I need vertex,
line of Sym x=
Max and Min
is the F(0)=5 a min or a max?
Much appriciated
vertex is (0,5)
line of sym is x=0
take derative of function and equate to 0.
y'= -2x
0= -2x
so x = 0 this is either a min or max. Now you can use the 2nd derative test or plug in values for the 1st derative and see where it increasing or decreasing. For example -1<0<1
y' = -2(-1)= 2
y' = -2(1) = -2
so when x=0 is a max
Hope that helps
You don't need to differentiate.
We are looking for the maximum value of $\displaystyle 5 - x^2$. It's obvious that $\displaystyle x^2$ is always positive or zero. So, the minimum of $\displaystyle x^2$ is 0. Therefore $\displaystyle 5-x^2$ is maximum at $\displaystyle x=0$.
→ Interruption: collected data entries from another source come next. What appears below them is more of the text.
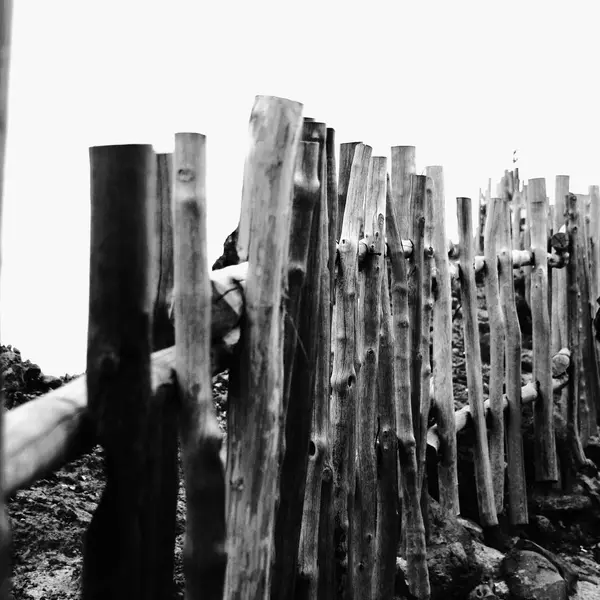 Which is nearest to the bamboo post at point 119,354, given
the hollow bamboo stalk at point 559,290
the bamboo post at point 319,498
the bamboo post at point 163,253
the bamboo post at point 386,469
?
the bamboo post at point 163,253

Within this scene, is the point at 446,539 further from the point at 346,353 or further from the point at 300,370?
the point at 300,370

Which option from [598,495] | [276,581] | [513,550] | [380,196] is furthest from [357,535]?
[598,495]

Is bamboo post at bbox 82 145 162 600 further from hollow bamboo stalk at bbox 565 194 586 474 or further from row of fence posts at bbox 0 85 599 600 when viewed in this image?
hollow bamboo stalk at bbox 565 194 586 474

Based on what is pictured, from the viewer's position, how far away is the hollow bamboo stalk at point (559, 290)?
219 inches

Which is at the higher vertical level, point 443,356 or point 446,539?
point 443,356

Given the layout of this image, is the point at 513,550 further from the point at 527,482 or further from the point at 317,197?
the point at 317,197

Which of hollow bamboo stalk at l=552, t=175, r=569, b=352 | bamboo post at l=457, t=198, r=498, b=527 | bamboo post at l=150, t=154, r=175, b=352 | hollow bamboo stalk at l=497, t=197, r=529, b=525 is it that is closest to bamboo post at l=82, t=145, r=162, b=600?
bamboo post at l=150, t=154, r=175, b=352

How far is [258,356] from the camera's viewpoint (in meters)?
1.89

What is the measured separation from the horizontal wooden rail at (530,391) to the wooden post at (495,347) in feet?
0.33

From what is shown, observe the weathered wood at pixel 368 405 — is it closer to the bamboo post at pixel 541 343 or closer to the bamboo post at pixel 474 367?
the bamboo post at pixel 474 367

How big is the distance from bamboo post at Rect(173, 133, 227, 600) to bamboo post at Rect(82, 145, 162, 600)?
0.43ft

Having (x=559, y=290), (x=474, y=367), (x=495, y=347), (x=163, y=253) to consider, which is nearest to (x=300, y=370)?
(x=163, y=253)

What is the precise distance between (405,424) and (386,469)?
0.27 m

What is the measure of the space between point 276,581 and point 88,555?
0.84 meters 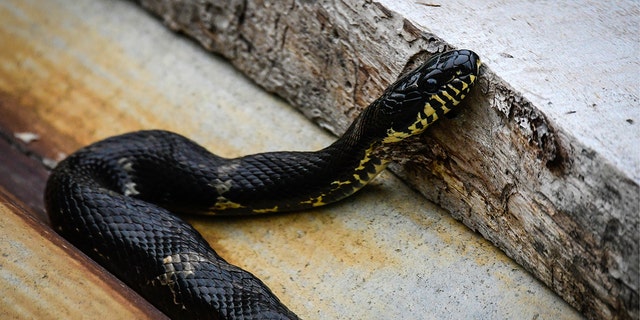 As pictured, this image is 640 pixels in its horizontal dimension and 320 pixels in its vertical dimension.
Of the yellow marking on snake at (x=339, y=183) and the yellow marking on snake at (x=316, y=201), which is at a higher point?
the yellow marking on snake at (x=339, y=183)

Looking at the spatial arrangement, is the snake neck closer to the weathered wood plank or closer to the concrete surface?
the concrete surface

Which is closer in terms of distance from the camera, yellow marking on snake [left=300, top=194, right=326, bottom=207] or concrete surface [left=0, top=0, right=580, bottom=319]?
concrete surface [left=0, top=0, right=580, bottom=319]

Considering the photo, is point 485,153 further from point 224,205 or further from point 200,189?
point 200,189

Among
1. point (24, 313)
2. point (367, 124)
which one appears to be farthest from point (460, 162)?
point (24, 313)

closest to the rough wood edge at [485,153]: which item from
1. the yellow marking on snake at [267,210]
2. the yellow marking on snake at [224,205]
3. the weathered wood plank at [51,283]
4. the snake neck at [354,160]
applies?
the snake neck at [354,160]

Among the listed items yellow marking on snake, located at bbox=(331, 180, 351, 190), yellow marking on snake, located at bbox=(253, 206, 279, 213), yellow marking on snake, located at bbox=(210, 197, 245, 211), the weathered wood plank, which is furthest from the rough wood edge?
the weathered wood plank

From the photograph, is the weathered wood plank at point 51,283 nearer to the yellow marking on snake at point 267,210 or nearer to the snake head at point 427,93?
the yellow marking on snake at point 267,210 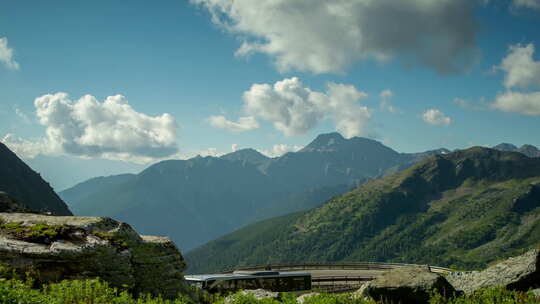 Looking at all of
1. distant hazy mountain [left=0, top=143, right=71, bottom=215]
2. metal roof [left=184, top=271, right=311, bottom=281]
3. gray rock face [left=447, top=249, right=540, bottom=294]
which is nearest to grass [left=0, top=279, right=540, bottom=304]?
gray rock face [left=447, top=249, right=540, bottom=294]

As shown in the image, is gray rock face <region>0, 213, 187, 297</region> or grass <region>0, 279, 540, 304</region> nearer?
grass <region>0, 279, 540, 304</region>

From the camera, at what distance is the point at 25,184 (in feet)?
600

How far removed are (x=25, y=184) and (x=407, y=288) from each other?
208 meters

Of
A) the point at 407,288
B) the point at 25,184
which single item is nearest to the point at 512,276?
the point at 407,288

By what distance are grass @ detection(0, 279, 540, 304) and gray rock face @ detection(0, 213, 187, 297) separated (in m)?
0.89

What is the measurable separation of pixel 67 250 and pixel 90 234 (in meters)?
1.34

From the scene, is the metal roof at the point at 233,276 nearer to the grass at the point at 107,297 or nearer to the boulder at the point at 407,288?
the grass at the point at 107,297

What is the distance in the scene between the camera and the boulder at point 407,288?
1559 centimetres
We can also find it using differentials. The local extrema of a function are at the roots of $\displaystyle y' = 0$. Don't forget to check for global extrema too.
$\displaystyle y' = -2x = 0$
$\displaystyle x=0$
So we have a local extremum at $\displaystyle x=0$.
We can decide whether it's maximum or minimum using the second derivative test.
$\displaystyle y''(0) = -2 < 0$. It's a maximum.
Don't forget to check for global maximum too. The reason for doing this is, the function may have a maximum at infinity.
$\displaystyle \lim_{x\to\infty} 5-x^2 = -\infty$
$\displaystyle \lim_{x\to-\infty} 5-x^2 = -\infty$
Ok, now we're convinced that the function has a maximum only at $\displaystyle x=0$.